On 6/10/11 3:34 PM, Michel Fortin wrote:
On 2011-06-10 16:10:51 -0400, Andrei Alexandrescu
<seewebsiteforem...@erdani.org> said:
On 6/10/11 2:12 PM, Michel Fortin wrote:
I have to say I totally agree with Robert.
I agree with the need for a way to name parameters, but instantiating a
pseudo-boolean type from a template for each function parameter is worse
than the initial problem. Templates are already a difficult concept to
grasp for most people (because they're so abstract), we really don't
need to replace every boolean parameter with a template type.

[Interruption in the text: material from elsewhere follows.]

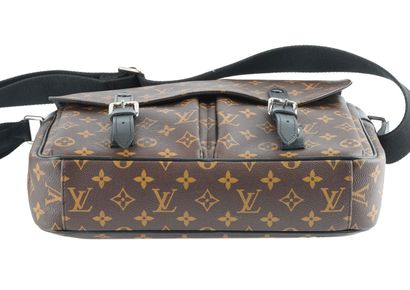 LOUIS VUITTON
Louis Vuitton Christopher Messenger...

I disagree with the "templates are difficult" mantra. It is a meme
from C++ much like "macros are evil" are one from C. It's a simple
construct, you use it.
Neither C macros nor C++ or D templates are very difficult by
themselves. People trying to do unintuitive but clever things with them
earned them this reputation.
See, here you're simply wrong. C macros are heinously complicated in
definition, and heinously complicated to implement. C++ templates are
very bulky in definition too. It's not worth your time you argue this
further.
If you want something to be used everywhere and it is not an
implementation detail, make it part of the language. Implementing what
sounds should be a language feature through a template hack and putting
it the standard library is not going to make people feel good about the
language, it'll remind them of what the language is missing.
The problem with the "hack" label is that it instantly decreases the
level of the conversation. It's the "N" word of programming.
I don't want a universal thing, I want to solve a simple problem: there
are 7 yes/no enums in Phobos, and probably some more to come. Flag
solves that problem in a reasonable way. This is pretty much it.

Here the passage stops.